Novak “said they had been approached by Venezuela about a potential meeting, but that was the extent of it, while senior OPEC delegates were dismissive,” Matt Smith of ClipperData said.
However, Price Futures Group analyst Phil Flynn said the mere talk of a Russia-OPEC meeting was shifting sentiment higher.
Meanwhile the number of active oil drilling rigs in the US fell by 12 this week to 498, compared with 1,223 a year ago.
PRECIOUS METALS: For most commodity investors, this month was one more bad month in a years-long bear market. Gold was an exception.
Gold futures rallied 5.3 percent this month, the best gain in a year. The returns were far better in mining stocks, with an index of South African producers jumping 35 percent for the month, the most since at least 1995.
Turmoil in Chinese financial markets, plunging oil prices and signs of softening US growth left investors reeling this month, boosting demand for traditional safe-haven assets like gold. Rising bets that the US Federal Reserve will hold off on further interest-rate increases added to the appeal of bullion. While losses deepened in other metals, gold outperformed and holdings in exchange-traded funds backed by the metal rose to the highest since November.
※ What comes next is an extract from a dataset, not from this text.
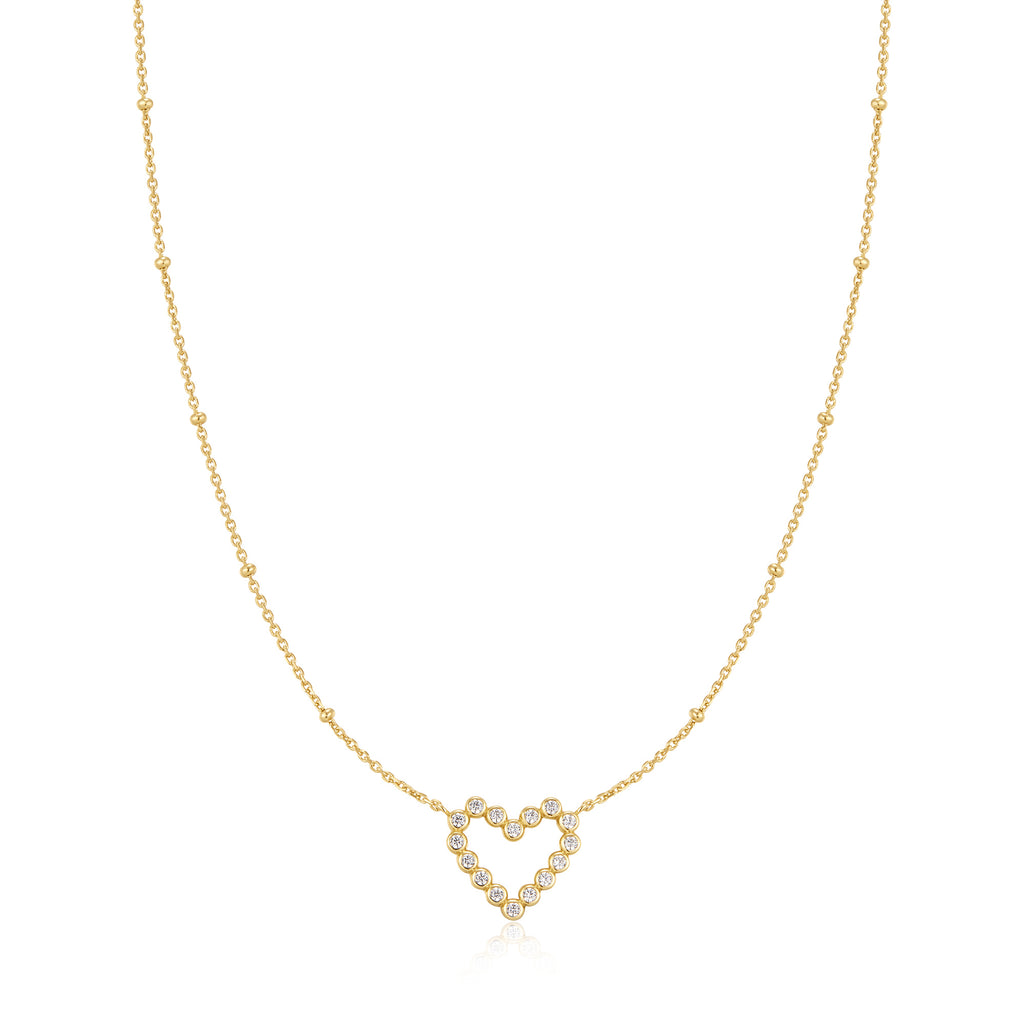 Gold Bezel-Set Round Open Heart Necklace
“Interest-rate jitters going forward are what brought gold up,” James Cordier, the founder of Optionsellers.com in Tampa, Florida, said in a telephone interview. “With stock markets crashing all over the world and the US economy growing slowly, nothing is pointing to more rate hikes, and that’s why gold is rallying.”
Gold futures for April delivery rose less than 0.1 percent to settle at US$1,116.40 an ounce at 1:48pm on the Comex. The gain for the month was the biggest since January last year.
This week, platinum futures rallied 5.1 percent, the most in almost two months. The market will stay in a shortage in the next six years as supplies remain constrained amid growing or robust demand from jewelers and car companies, according to a report commissioned by the World Platinum Investment Council.
Silver futures for March delivery climbed 0.1 percent to US$14.243 an ounce on Friday on the Comex. The metal advanced 3.2 percent this month.
BASE METALS: Industrial metals slumped this month as concern over China’s economy outweighed optimism about any supply cuts.
The Bloomberg Industrial Metals Subindex fell 1.4 percent this month, the eighth drop in nine months, as turmoil in Asian equities deepened concerns over the economy in China, the world’s biggest consumer. Copper futures slid 3.2 percent during the month.
Even as companies including Freeport-McMoRan Inc. and Glencore PLC have taken steps to reduce production, metal prices have kept falling on speculation that cuts have not gone deep enough to erode global gluts. Energy prices have declined, and the depreciation of the yuan and other emerging-market currencies is also lowering output costs in many nations, prompting concern that some unprofitable plants will be able to hold on longer.
On the Comex, copper futures for March delivery added 0.8 percent to settle at US$2.067 a pound at 1:15pm. in New York. Prices touched US$1.9355 this month, the lowest since 2009.